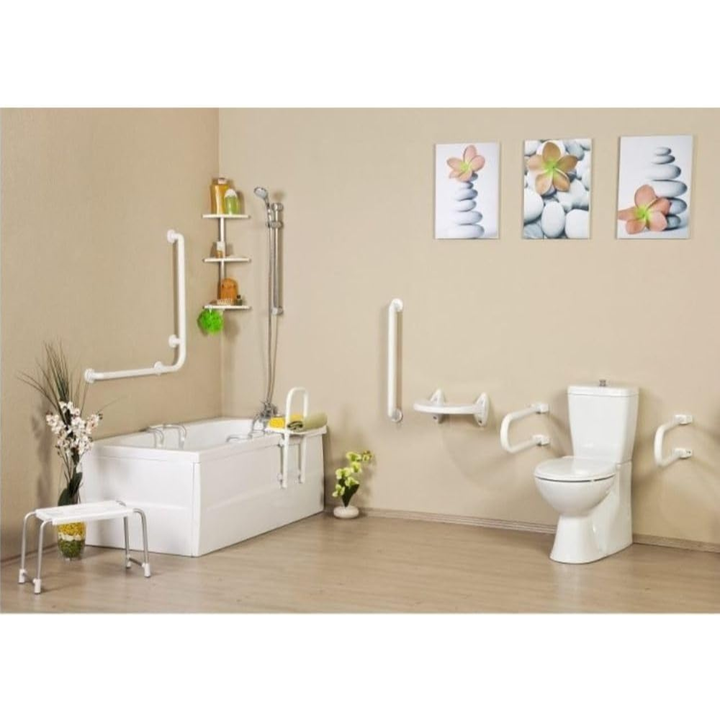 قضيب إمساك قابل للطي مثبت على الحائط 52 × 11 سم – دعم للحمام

...

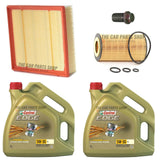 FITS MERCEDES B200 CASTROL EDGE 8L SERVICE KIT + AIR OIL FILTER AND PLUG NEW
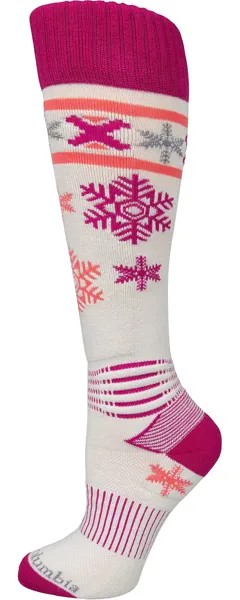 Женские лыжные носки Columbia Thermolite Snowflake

◆ **PROBLEM TO WORK ON**
An exact copy is needed of the stretch above that opens with the line containing "FITS MERCEDES B200" and closes with the line containing "Женские лыжные носки"; the pictures are not part of it.

◆ **EXERCISE RESPONSE**
 FITS MERCEDES B200 CASTROL EDGE 8L SERVICE KIT + AIR OIL FILTER AND PLUG NEW
 Женские лыжные носки Columbia Thermolite Snowflake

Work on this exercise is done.